The name of the database which will be used is 'data'.
- SHOPRULESGENERATOR_PORT: The port that should be used by the ShopRulesGenerator.
- MONGO_IP: The IP of the MongoDB instance.
- MONGO_PORT: The port of the MongoDB instance.
- MONGO_BRIDGE_USER: The username to access the MongoDB.
- MONGO_BRIDGE_PW: The password to access the MongoDB.
- CLIENT_ID: The OAuth2 client ID for accessing the Idealo bridge.
- CLIENT_SECRET: The OAuth2 client secret ID for accessing the Idealo bridge.
- ACCESS_TOKEN_URI: The uri which will be used to get an authorization token for the Idealo bridge.
- API_URL: The root url of the Idealo API.
- URLCLEANER_IP: The root url of the URLCleaner (including port if required).
- maxOffers: Amount of sample offers that will be used for analysing the structure of shop product pages.
- fetchDelay: Time between fetching of HTML pages corresponding to sample offers.
- userAgent: User agent used during fetching of HTML pages.
- scoreThreshold: All selectors with a normalized score below threshold will be dropped and not stored in database.
- corePoolSize: Amount of CPU Cores which should be used during generation.
- maxPoolSize: Max amount of running threads at the same time.
- queueCapacity: Max amount of waiting tasks to ShopRulesGenerator.
- The ShopRulesGenerator (SRG) receives a request, to get the rules for a specific shop identified by the internal Idealo ID)
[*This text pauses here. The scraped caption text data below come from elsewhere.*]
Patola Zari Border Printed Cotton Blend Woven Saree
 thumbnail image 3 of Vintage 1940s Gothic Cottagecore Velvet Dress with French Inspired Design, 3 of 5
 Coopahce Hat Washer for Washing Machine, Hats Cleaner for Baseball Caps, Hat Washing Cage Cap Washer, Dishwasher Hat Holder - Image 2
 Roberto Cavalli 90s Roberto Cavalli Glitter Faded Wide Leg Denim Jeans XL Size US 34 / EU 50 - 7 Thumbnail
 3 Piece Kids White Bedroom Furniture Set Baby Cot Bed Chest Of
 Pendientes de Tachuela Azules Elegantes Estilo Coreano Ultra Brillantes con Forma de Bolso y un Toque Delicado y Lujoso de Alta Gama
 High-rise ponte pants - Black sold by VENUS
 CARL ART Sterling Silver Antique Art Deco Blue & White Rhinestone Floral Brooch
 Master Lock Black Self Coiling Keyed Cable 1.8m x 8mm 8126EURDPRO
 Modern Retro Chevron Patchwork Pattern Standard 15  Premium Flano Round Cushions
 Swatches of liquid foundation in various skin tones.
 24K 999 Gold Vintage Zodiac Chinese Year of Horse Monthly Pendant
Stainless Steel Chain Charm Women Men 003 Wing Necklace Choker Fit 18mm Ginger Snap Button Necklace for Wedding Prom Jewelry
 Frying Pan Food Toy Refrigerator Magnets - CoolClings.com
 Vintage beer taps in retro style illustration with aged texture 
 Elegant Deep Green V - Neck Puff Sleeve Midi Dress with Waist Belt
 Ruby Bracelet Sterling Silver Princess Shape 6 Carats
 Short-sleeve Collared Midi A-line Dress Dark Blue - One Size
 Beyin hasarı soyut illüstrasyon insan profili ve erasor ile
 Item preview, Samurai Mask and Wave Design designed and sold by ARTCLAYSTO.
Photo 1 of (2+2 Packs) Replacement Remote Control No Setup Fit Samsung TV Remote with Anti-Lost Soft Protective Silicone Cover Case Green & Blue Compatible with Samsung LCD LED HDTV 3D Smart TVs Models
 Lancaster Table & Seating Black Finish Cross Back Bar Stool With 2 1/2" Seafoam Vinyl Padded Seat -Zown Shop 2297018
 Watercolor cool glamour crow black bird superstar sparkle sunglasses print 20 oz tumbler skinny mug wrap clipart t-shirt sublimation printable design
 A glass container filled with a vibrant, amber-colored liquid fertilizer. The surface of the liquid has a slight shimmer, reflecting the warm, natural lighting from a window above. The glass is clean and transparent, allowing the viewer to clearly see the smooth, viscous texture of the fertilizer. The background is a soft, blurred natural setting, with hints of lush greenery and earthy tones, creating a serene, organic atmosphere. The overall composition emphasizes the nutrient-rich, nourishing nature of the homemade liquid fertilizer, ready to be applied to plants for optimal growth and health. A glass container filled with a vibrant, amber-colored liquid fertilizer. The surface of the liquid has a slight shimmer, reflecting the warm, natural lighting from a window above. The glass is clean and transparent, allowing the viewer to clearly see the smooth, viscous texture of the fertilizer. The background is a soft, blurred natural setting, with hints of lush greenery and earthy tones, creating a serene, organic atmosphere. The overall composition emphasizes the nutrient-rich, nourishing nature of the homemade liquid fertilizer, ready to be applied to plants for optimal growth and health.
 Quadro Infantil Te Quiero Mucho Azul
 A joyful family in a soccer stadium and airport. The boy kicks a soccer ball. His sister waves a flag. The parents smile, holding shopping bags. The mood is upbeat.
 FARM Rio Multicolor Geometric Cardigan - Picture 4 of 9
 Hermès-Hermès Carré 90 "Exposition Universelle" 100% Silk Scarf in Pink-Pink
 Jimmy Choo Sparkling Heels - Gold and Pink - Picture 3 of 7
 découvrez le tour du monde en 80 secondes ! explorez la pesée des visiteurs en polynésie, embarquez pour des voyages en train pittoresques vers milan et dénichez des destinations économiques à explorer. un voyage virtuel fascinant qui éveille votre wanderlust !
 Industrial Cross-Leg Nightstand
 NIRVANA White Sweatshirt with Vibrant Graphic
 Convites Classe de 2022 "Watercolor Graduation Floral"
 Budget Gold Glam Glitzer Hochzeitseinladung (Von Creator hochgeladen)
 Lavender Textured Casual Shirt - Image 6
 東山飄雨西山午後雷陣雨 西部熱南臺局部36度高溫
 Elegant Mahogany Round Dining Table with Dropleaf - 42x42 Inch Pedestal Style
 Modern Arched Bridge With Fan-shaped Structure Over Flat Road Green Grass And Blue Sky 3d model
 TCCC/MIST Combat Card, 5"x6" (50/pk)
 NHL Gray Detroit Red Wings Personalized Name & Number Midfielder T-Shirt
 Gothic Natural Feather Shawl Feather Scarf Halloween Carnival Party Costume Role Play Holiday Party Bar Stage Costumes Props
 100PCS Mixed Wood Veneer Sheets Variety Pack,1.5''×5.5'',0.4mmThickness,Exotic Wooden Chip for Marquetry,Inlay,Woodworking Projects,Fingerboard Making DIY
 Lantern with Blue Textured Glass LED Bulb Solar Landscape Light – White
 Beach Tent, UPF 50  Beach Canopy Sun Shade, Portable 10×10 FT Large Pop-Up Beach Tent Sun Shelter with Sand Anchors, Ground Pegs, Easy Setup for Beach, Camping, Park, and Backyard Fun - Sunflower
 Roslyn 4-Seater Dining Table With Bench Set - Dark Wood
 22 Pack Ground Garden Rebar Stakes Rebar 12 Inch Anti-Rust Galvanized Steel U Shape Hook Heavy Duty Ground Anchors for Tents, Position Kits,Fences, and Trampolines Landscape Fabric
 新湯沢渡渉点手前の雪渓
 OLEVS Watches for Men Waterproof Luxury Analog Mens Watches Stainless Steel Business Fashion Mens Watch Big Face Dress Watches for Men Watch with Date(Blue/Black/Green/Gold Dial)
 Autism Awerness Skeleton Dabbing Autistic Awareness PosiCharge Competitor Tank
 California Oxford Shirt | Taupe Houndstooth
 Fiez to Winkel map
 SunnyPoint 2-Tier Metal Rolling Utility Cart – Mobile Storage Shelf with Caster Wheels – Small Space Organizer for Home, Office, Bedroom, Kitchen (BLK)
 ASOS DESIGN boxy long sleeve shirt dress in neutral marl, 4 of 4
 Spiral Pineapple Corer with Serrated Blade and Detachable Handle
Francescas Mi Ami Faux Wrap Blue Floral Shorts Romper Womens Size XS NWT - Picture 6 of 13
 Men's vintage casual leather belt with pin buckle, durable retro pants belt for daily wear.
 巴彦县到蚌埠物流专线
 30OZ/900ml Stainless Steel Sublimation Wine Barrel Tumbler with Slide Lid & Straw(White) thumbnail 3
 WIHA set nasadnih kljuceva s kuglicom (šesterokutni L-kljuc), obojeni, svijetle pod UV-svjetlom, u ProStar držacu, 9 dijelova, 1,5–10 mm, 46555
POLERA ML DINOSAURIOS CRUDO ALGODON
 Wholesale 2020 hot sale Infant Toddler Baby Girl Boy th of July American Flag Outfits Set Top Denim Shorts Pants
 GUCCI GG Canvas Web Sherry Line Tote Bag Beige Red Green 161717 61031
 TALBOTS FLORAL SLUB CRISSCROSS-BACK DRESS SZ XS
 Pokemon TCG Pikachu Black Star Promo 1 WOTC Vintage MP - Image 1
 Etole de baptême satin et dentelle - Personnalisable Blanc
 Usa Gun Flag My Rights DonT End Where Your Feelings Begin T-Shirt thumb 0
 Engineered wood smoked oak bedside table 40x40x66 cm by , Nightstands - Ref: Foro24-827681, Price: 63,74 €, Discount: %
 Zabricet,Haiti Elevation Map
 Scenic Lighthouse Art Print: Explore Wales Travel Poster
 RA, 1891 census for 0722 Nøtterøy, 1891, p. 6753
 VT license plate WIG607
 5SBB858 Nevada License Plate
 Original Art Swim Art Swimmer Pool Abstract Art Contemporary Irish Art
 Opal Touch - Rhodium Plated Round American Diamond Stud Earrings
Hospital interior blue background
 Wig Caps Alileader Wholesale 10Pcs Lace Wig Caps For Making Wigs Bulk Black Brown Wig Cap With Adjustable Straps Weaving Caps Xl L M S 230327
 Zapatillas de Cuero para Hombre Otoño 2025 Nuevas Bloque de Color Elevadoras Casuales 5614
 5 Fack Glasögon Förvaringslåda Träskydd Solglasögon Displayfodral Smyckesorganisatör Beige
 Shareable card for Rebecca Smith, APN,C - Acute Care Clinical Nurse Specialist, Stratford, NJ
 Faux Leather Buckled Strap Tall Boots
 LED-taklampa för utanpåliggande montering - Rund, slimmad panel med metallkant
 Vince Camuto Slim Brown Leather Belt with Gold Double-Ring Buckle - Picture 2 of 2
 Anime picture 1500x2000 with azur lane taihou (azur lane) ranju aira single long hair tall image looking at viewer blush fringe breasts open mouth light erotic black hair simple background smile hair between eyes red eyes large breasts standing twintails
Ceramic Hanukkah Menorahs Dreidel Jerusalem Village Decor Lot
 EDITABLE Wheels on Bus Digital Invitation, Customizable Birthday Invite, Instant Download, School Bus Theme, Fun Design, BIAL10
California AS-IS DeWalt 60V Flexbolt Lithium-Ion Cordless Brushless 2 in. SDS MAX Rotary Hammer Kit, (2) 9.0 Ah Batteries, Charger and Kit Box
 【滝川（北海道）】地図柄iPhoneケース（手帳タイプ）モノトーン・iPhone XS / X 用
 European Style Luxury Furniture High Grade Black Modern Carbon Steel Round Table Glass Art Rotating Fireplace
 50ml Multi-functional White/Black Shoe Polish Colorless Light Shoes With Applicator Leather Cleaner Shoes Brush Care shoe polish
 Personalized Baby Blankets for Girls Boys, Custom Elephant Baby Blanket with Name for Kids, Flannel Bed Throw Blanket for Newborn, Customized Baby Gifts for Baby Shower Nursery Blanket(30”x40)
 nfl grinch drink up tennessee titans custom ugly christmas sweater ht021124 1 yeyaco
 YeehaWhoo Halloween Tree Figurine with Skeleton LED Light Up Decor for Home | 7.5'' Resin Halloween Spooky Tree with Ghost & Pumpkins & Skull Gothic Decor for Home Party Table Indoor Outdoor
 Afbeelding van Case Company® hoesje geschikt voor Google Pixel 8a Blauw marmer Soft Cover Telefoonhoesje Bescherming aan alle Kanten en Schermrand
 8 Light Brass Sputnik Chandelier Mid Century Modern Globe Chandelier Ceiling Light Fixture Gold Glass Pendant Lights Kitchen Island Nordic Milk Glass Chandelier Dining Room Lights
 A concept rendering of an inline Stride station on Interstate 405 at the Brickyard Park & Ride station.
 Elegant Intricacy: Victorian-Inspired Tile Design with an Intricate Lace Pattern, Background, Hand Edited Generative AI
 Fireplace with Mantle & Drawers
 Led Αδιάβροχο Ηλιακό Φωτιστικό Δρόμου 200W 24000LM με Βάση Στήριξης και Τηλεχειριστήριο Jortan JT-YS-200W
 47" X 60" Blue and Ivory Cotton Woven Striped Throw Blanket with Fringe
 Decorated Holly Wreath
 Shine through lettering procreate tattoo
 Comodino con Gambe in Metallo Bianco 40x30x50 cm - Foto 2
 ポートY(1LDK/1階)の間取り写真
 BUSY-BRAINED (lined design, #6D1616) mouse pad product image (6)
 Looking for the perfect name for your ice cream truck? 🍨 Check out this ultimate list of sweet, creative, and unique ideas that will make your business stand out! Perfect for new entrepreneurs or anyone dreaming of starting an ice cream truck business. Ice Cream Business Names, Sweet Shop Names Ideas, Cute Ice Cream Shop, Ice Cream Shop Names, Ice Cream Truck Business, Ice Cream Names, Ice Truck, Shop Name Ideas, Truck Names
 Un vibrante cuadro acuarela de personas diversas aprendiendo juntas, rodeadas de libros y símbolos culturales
- If the rules are already existing in the DB, the SRG returns them. If they do not exists, it will trigger the generations process. It is safe to call the SRG multiple times within in the same time with the same shop. The generation process will get only triggered once.
- During the generation process the shop rules generator will load maxOffers sample offers from the Idealo bridge. ...For each offer the SRG will: 3.1. Fetch the html page using the cleaned url of the sample offer 3.2. Do some pre-processing with the image urls and price 3.3 Build the selectors using the offer attributes and the loaded HTML page.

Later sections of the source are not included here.